§ **Work required**: Please produce an exact transcription of the lines from the one containing "GUCCI Shoulder Bag" through the last line of the entries, leaving out every picture.

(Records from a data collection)
--

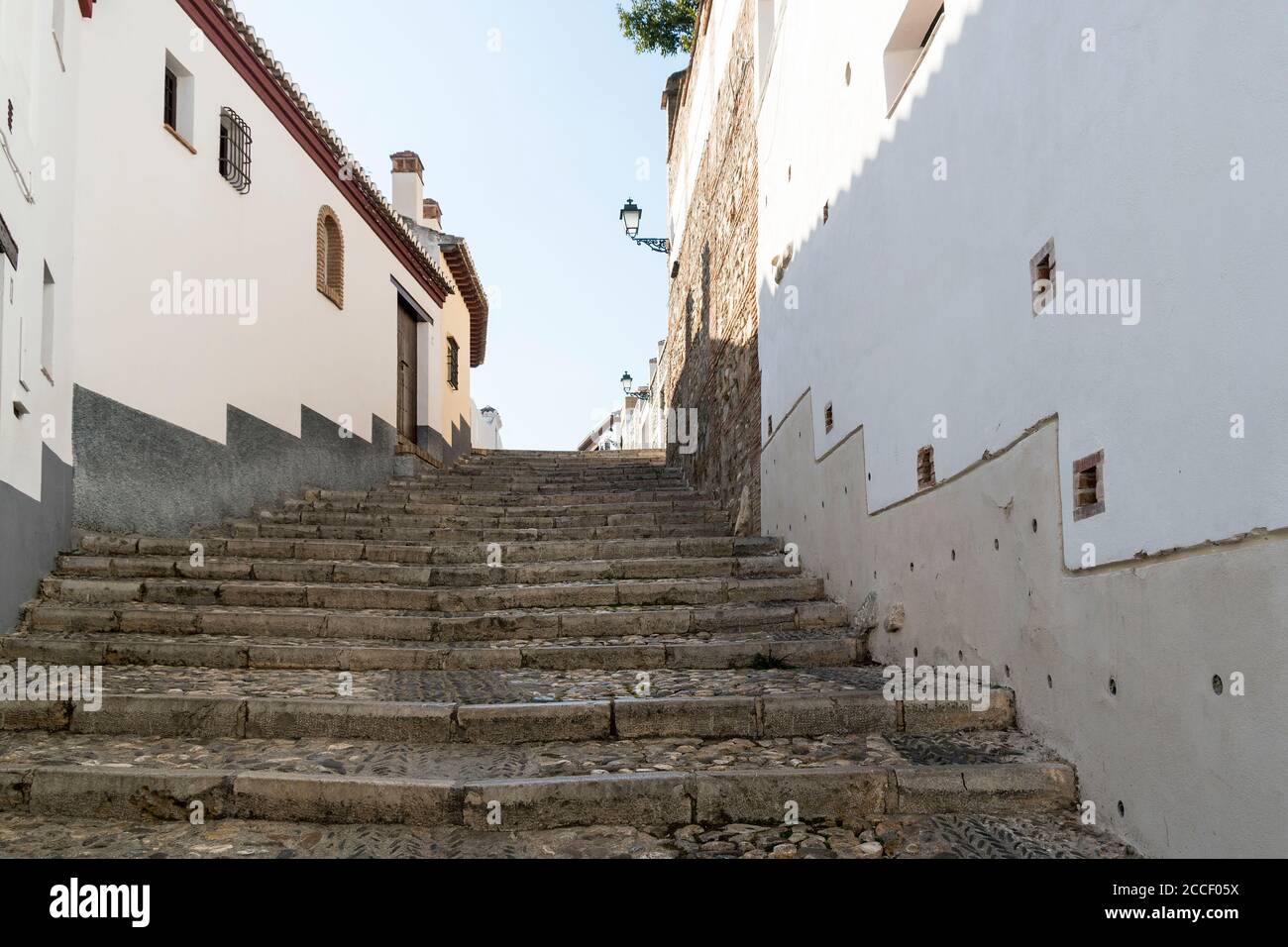 Granada (Spain), Albaicin district, Calle San Nicolas, stairs Stock Photo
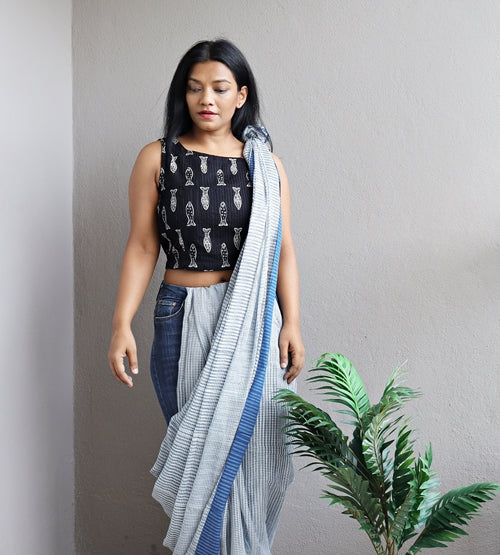 Black Fish Printed Handloom Crop Top (Blouse)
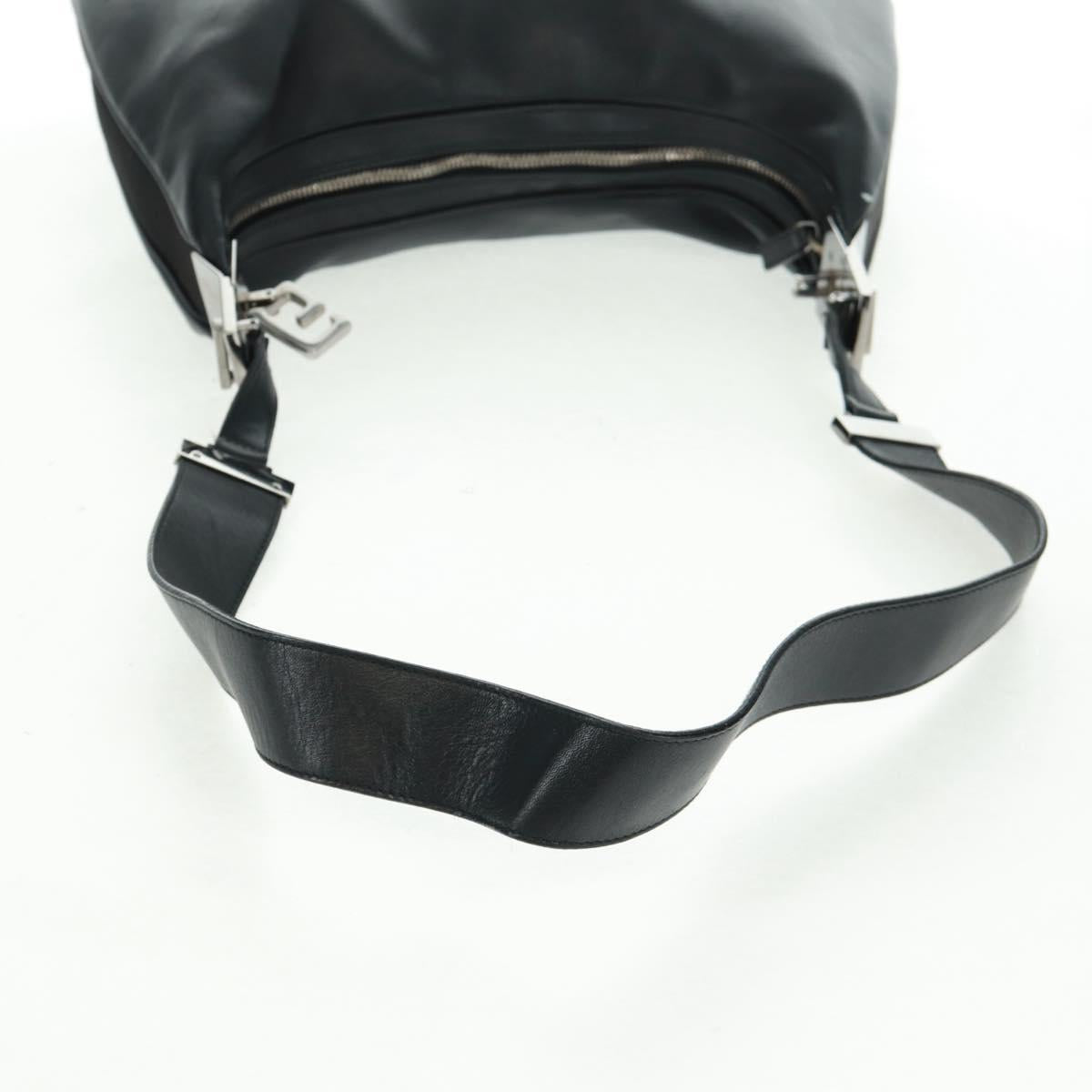 GUCCI Shoulder Bag Leather Black Silver 001 3341 3444 Auth gh1514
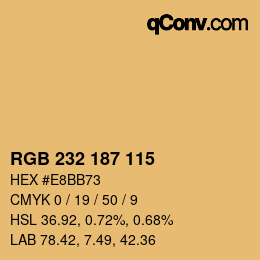 Color code: RGB 232 187 115 | qconv.com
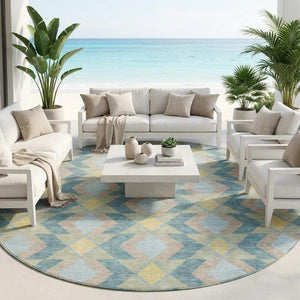 8 Ft Round Geometric Polyester Area Rug Teal Graphite Washable for Patio or Family Room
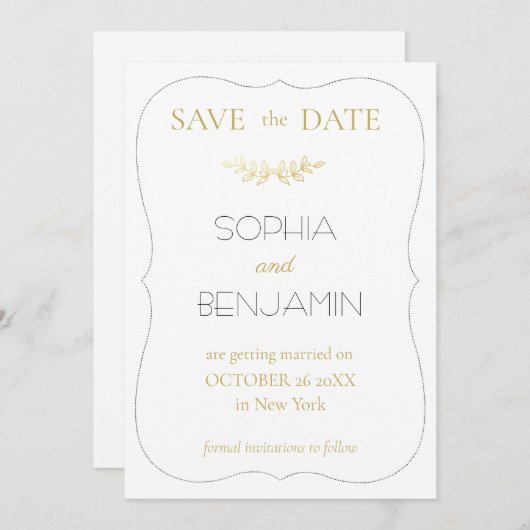 Moderne eenvoudige en minimalistische bruiloft save the date (Voorkant / Achterkant)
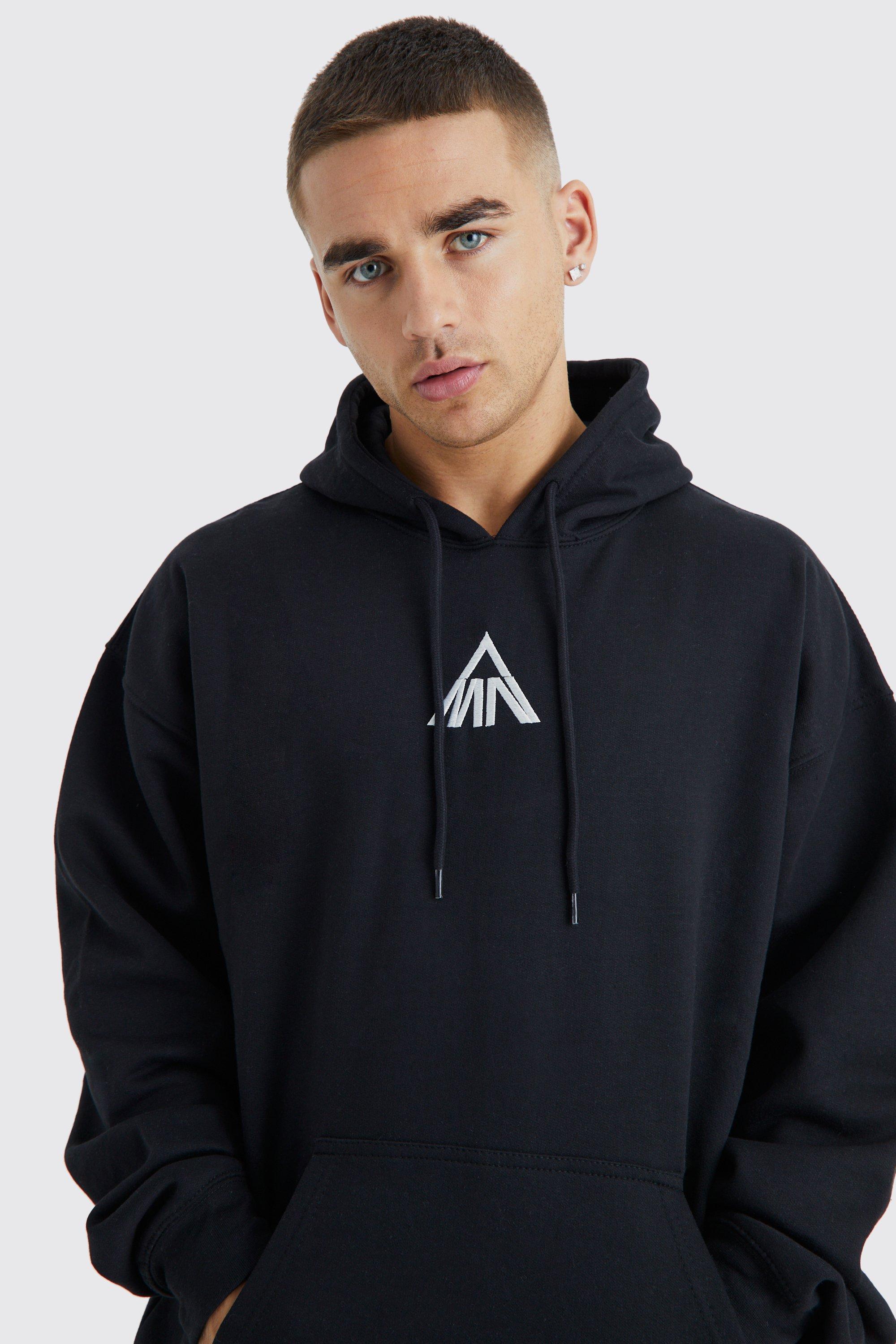 Man Oversized Embroidered Hoodie boohoo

--

§ **Expected answer**:
 GUCCI Shoulder Bag Leather Black Silver 001 3341 3444 Auth gh1514
 Color code: RGB 232 187 115 | qconv.com
 8 Ft Round Geometric Polyester Area Rug Teal Graphite Washable for Patio or Family Room
 Moderne eenvoudige en minimalistische bruiloft save the date (Voorkant / Achterkant)
 Man Oversized Embroidered Hoodie boohoo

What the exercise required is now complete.